I need to open a folder 3 levels down from where application executes (original example I had have some flaws):

        // find the path where the executable resides
        string dbPath = Application.StartupPath;

        // constructing the connection string - double slashes
        string connString = "Provider=Microsoft.Jet.OLEDB.4.0; Data Source="
            + dbPath + "\\..\\..\\..\\Magazines.accdb; User Id=admin; Password=";

But this will open:

C:\Documents and Settings\Server\Desktop\Lab 10\Lab 10\Lab 10\bin\Debug\..\..\..\Magazines.accdb

Original directory from where program starts:

C:\Documents and Settings\Server\Desktop\Lab 10\Lab 10\Lab 10\bin\Debug\

And I need it to be:

C:\Documents and Settings\Server\Desktop\Lab 10\Lab 10\Magazines.accdb

What is the proper was of doing this?

Answer 1

Use DirectoryInfo for evaluating the '..'

 var path = new DirectoryInfo (Path.Combine( "c:/bla", "../newBla")).FullName()

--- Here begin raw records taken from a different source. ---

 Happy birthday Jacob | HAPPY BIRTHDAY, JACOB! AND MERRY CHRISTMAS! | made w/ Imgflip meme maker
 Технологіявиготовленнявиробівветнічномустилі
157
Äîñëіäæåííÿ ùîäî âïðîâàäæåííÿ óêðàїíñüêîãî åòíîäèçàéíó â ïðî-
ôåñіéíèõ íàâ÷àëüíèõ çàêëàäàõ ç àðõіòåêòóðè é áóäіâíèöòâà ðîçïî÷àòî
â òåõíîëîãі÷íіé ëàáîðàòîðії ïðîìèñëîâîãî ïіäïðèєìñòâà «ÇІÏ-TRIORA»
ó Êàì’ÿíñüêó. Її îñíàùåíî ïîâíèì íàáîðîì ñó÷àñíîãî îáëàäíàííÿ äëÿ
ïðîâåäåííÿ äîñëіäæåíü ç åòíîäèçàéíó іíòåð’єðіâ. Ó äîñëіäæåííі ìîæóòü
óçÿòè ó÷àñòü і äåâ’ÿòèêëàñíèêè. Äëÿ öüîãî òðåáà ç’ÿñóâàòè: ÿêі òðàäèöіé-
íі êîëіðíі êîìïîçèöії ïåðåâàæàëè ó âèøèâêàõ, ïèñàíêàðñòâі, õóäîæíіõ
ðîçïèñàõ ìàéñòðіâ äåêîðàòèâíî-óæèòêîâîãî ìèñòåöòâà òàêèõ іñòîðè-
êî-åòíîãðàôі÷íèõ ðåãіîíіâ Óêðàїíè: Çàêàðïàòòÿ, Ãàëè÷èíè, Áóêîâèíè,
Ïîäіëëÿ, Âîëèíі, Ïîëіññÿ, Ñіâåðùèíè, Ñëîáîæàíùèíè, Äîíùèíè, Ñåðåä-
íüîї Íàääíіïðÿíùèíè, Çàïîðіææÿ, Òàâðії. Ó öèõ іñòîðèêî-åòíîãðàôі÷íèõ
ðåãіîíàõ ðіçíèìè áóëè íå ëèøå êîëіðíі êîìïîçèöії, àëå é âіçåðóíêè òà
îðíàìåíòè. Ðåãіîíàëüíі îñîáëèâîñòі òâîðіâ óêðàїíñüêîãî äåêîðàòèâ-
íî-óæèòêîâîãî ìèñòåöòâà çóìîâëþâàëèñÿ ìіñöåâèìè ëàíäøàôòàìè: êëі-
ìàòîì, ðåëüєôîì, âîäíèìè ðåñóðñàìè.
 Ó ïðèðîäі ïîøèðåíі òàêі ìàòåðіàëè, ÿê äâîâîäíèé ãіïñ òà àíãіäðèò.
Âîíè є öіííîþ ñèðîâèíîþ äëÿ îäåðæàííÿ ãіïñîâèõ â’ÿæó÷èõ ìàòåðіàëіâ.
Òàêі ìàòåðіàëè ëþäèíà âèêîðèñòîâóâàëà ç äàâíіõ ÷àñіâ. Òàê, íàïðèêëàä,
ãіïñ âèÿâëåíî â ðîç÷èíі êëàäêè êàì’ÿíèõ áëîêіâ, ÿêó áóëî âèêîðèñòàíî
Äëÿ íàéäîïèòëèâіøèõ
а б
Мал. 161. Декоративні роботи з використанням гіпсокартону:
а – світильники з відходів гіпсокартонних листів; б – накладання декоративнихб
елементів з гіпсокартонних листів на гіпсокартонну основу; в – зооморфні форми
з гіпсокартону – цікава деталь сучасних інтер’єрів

Also use Path.Combine for eased and more reliable combination.

Answer 2

Couple options are to just put your database in the same folder as the executable (so, in your debug folder), this actually makes sense as when you package your executable to someone you would normally have the resulting folder structure.

Another option is if the database file is added to the project, you can specify the "Copy to Output Directory" to "Copy if Newer", which will copy if newer.

Answer 3

Change the properties of Magazines.accdb so that it will be copied to the bin\Debug folder when you build the project.

You can do this by right clicking file in solution explorer, then changing Copy to Output Directory to Copy always.